Nigeria’s House of Representatives has ordered an investigation into the procurement process and the award of contract for the Lagos-Calabar Coastal Highway.

But a pan-Yoruba socio-political group, Afenifere, has advised the federal government to urgently retreat and review its move in continuing the 700 km Lagos-Calabar Coastal highway.

The decision of the House to launch the probe was sequel to adoption of a motion moved at the plenary by Hon. Dr. Austin Achado, on Thursday.

Moving the motion, the lawmaker said the Ministry of Works, executed an Engineering Procurement Construction and Finance (EPC+F) contract, in favour of Hitech Construction Company Nigeria Limited, for the delivery of the 700km Lagos-Calabar Coastal Road and Rail Project.

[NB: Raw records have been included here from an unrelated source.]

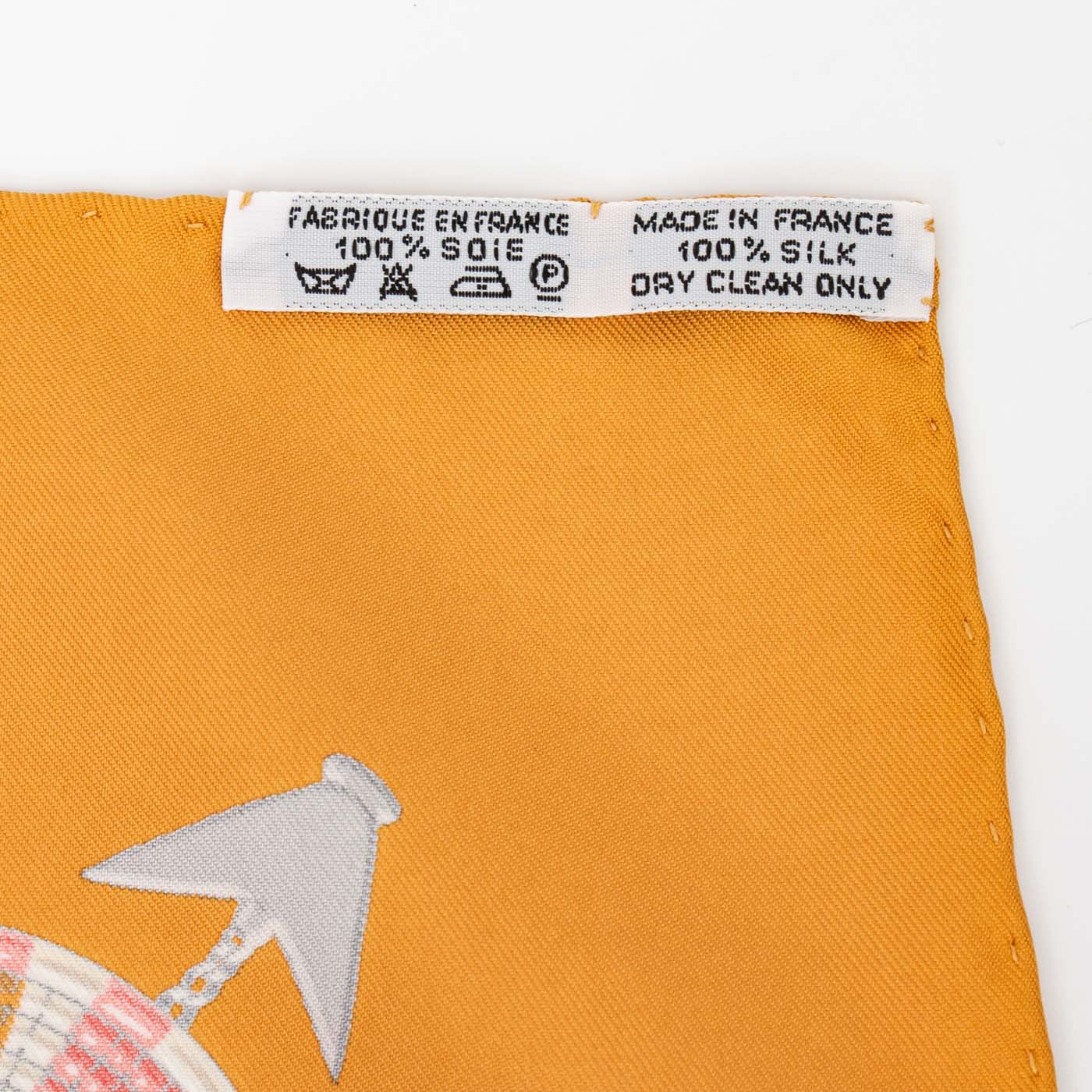 Hermès Foulard En Soie Carré 90 Perles Du Kenya Orange – Image 4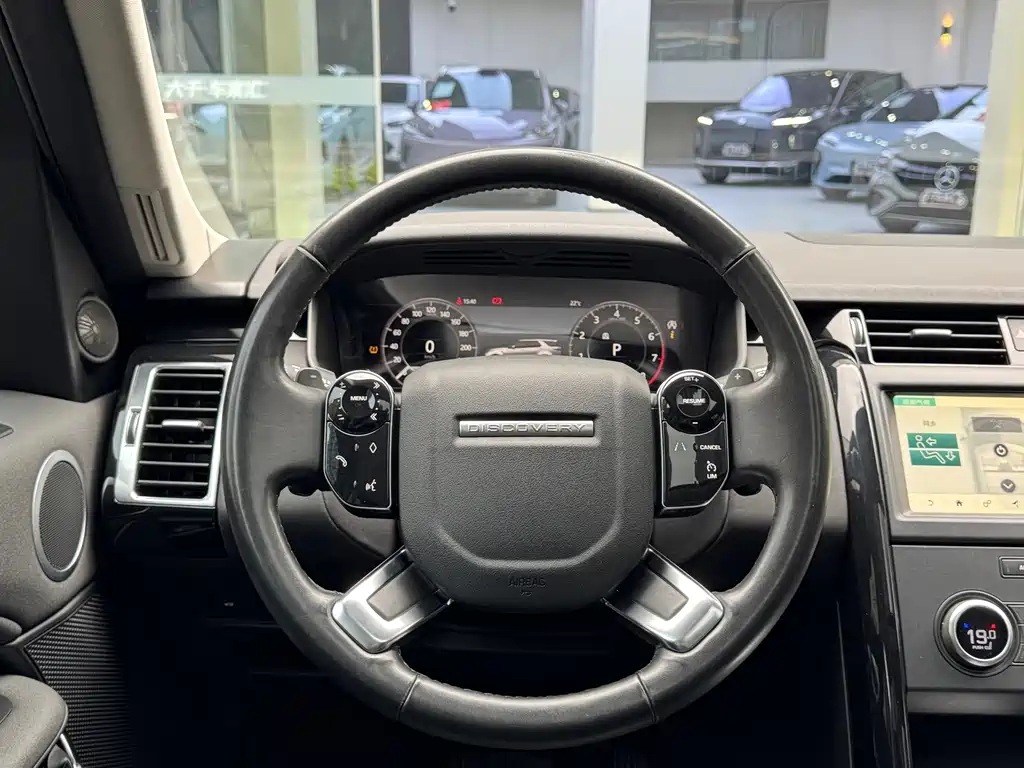 Land Rover Discovery — фото 13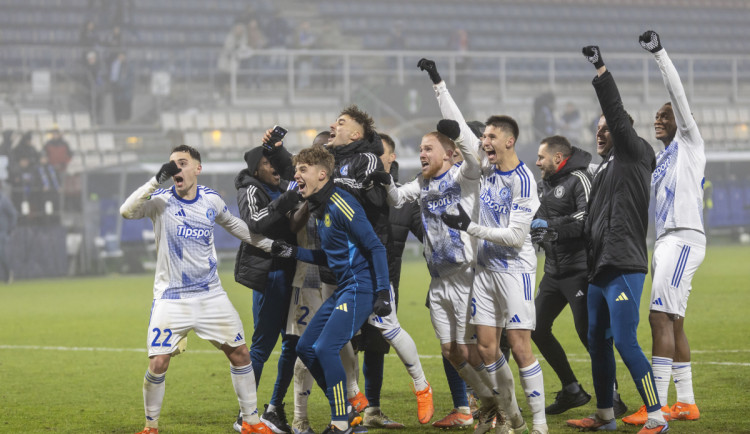 Policejní manévry, prohra a pak oslavy. Sigma bude hrát v Evropě i na jaře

Estimated at the rate of N4.329 billion per kilometer, he said project is designed to use reinforced concrete technology for a carriage width of 59.7metres, to include 10 lanes, shoulders and rail with additional designs of service ducts , street lights, drainages and shore protection 

Achado noted that the project with the prospect of providing easy access for movement of goods and services across the nation, has a financing structure, as announced by the Minister of Works, Dave Umahi, which requires the federal government to provide 15 to 30 percent co-financing.

He noted that the private sector counterpart would provide the balance, and to toll the road when completed for a minimum period of 15 years, to ensure full recovery of all debts and equity applied for the delivery of the project 

He, however, said the procurement strategy adopted by the Ministry of Works for the award of the contract violated the Infrastructure Concession and Regulatory Commission Act 2005.

He said Section 4 of the Act outlined that all approved infrastructure projects and contracts for Financing, Construction and Maintenance must be advertised for Open Competitive Public Bid, in at least three National dailies.

He added that Section 5 of the Act further clarifies that any direct negotiations with only one contractor could be allowed, only after exhausting the provisions of Section 4.

The House, therefore, called Umahi, Minister of Finance and the Attorney-General of the Federation and Minister of Justice to ensure that all guarantees and credit enhancement instruments for the Lagos-Calabar Coastal Road Project were sent to the National Assembly for approval.

It also resolved to set up an Ad-Hoc Committee to investigate the procurement process of the contract for the Lagos-Calabar Coastal Highway project and report to the House within four weeks.

But Afenifere, in a statement by its Publicity Secretary, Justice Faloye, expressed displeasure as to why government seemed adamant over several calls by some Nigerians to reexamine the socioeconomic and Environmental Impact Assessment effects of the project on the grappling economy. 

“Afenifere is saddened that despite numerous complaints and objections, the federal government has refused to listen and review the 700 km Lagos-Calabar Coastal highway, but instead is rushing headlong into the project. 

“The $13 billion Lagos project is not only environmentally and economically destructive, but irrationally replaces the 1400km $12 billion Lagos-Calabar railway project along East-West Road, adjudged to be the single most important economic empowering infrastructural development project in Southern Nigeria in over a hundred years, commissioned by both the Jonathan (2014) and Buhari (2021) governments.

“The Lagos-Calabar Coastal Highway project must be re-examined, for not only breaching competitive tendering stipulations, but for also contravening the ENVIRONMENTAL IMPACT ASSESSMENT ACT, as stipulated in EIA Decree No. 86 of 1992, which places the project type in Category 1 and affecting the natural environment, making an ESIA report mandatory before commencement. 

“The 2021 Environmental Assessment Procedures and Charges would have taken six months from May 29th when this administration came to power to secure a genuine approval report, involving series of stakeholder’s meetings, multiple visits and studies of the environment to be impacted by the highway. The project, in essence, will affect the natural fauna, the coastal mangrove swamps that serve as natural barriers against tidal waves.”